第5話 科学力の限界理論

 未来の、本当であれば、

「過去の歴史を知っている人」

 というはずの人から、

「本当は知らない。過去の歴史が信用できない」

 ということを言われると、正直、どう考えていいのか迷ってしまう。

「感覚が彷徨っている」

 と言っていいのだろう。

 ここまで来ると、さすがに未来にとどまっているのが怖く感じられた。

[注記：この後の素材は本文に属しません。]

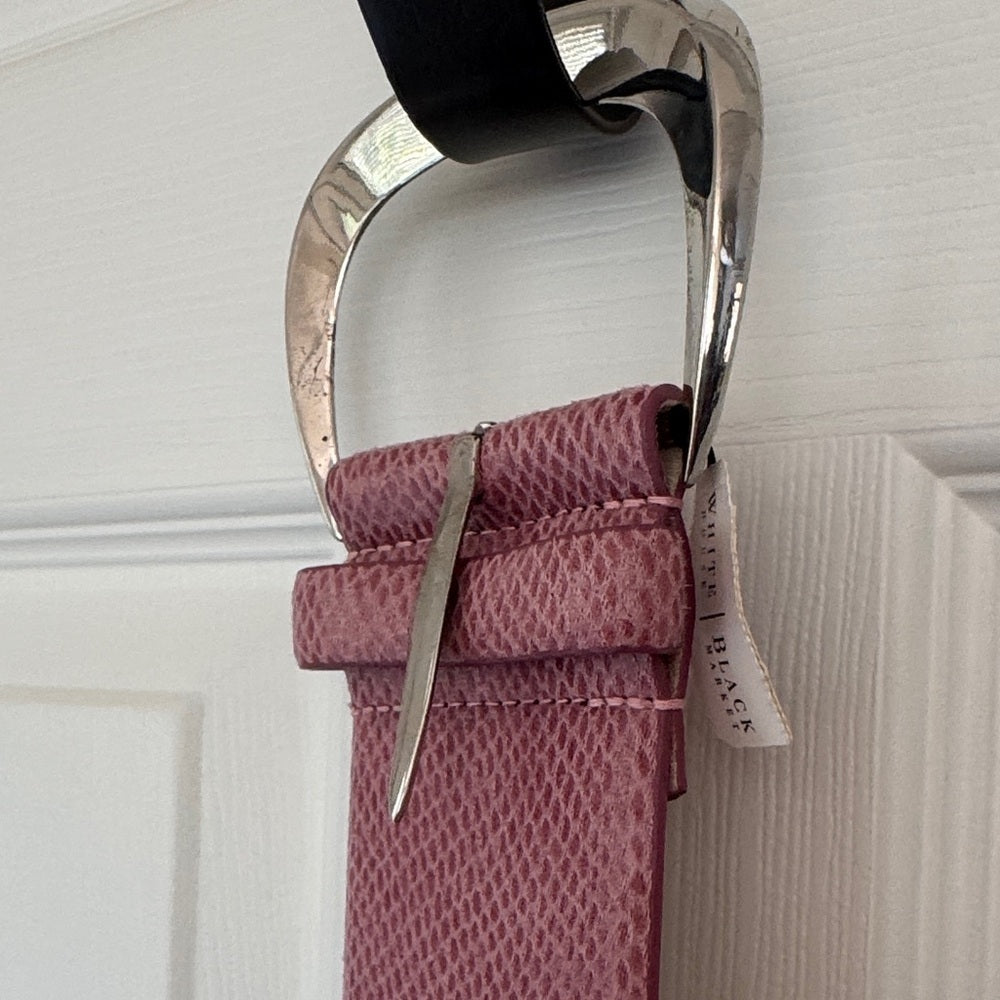 WHBM Pink Textured wide belt with Silver Buckle NWT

過去に戻ろうという感覚が急激に強くなってきたが、前述の恐ろしさがないわけではない。

「果たして、飛び出してきた過去に戻れるか?」

 ということである。

 そして、もう一つ考えなければいけないのは、

「今現在の自分というのは、未来に滞在しているということから、元に戻るというよりも、過去に行こうとしているタイムトラベラーでもある」

 ということである。

 つまり、今のこの世界は、最初は未来であったが、未来から出発する時は現在という考えができないかということである。もう一つ気になるのは、

「未来にはタイムマシンもロボットも存在しない」

 ということであった。

 つまり、自分がタイムマシンを開発したから未来に来れたのであって、そのタイムマシンが未来に存在しないということは、このタイムマシンは、過去の世界で承認を受けなかったということなのか、それとも、自分が未来だと思ってやってきたこの世界は、自分たちの本当の未来ではないということなのか、それとも、自分が帰った元の世界において、タイムマシンを壊してしまい、タイムマシン開発をやめてしまって、結局三十年という時を経ても、タイムマシンの開発とロボット開発はできていないということなのであろうか?

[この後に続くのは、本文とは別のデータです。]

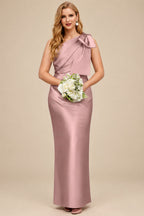 Rutipo Dusty Rose Sheath/Column One-Shoulder Satin Bridesmaid Dresses With Bow(s)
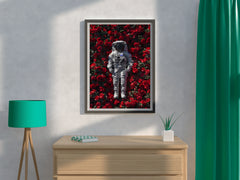 Astronaut Laying in a Bed of Roses Digital Artwork - beink online art store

 それを考えると、未来に来てしまったことを大いに後悔してしまった。

「知りたかったはずなのに、知らなくてもいいころを知ってしまった」

 という感覚なのか、

「そもそも、未来のことを知ることは大罪ではないのか?」

 という子供の頃の感覚に逆らって作ってしまったタイムマシンに対しての後悔であった。

 そう、確かに子供のことはタイムマシンに対して、

「作ってはいけないもの」

 という感覚も大いにあった。

 しかし、それはタイムマシンというものに対しての思い入れが大きかったからで、大きい思い入れであればあるほど、逆説も深い位置まで掘り下げることになるのだろう。

 それを思うと、タイムマシンに乗って、急いで過去に戻ろうという思いは次第に強くなってきた、

 だが、過去の、元いた場所に帰りつけたとして、自分は何をすればいいのかを考えていた。

 まず最初に考えたのは、

「タイムマシンを壊してしまおう」

 という思いであった。

 しかし、それは実に恐ろしい気がした。

 というのは、

「戻ってきたと思っている過去が、本当に自分が飛び立った場所であるという確証がなければタイムマシンを壊すのは怖い気がしたからだ」

 つまり、これは、少しでも違っているところを厳密に見つけ出さなければいけないという意味で、本当に違っていたとして、細部にわたるまで違っていることを検証しなければいけない。ただ、それは永遠にできないのではないかとさえ思うのだ。

 なぜなら、自分の記憶が間違っているかも知れないし、変な思い込みがないとも限らない、思い込みがあってしまうと、本当に間違っているのかどうか自分で納得できないのだから、一歩間違えると、

「交わることのない平行線」

 を描いてしまうのかも知れない。

 では、もし、過去の歴史が違っているとすれば、どうすればいいのか?

「また未来に戻って、そこからやり直す?」

 それは無理なことだった。

 狂ってしまった過去からいくら未来に飛んだとしても、そこに広がっているのは、

「狂ってしまった現在に対しての未来」

 であって、さっきまでいた未来ではないのだ。

 まったく違った未来になっている可能性だってあるのだ。

 となると、今度は過去の戻って、どこから狂ったのかを調べなければいけない。それこそ不可能だった。

 ここで考えたのは、少し違った感覚なのだが、

「慣性の法則」

 というものだった、

 慣性の報告というのは、いろいろあって、たとえば、

「ダルマ落とし」

 のようなものであったりが考えられるが、ここで松岡が考えたのが、

「電車の中での慣性の法則」

 であった。

 走行している電車の中でジャンプをすると、着地するのは、電車の中での飛び立った位置である。電車の中という一つの世界の中で動くものであって、決して外部の世界が影響するわけではない。つまりは、ジャンプして着地するまで、電車は前に向かって走っているわけだから、理屈で考えると、かなり後ろに着地するか、下手をすれば、連結部分の扉にぶち当たってしまう可能性だってあるではないか。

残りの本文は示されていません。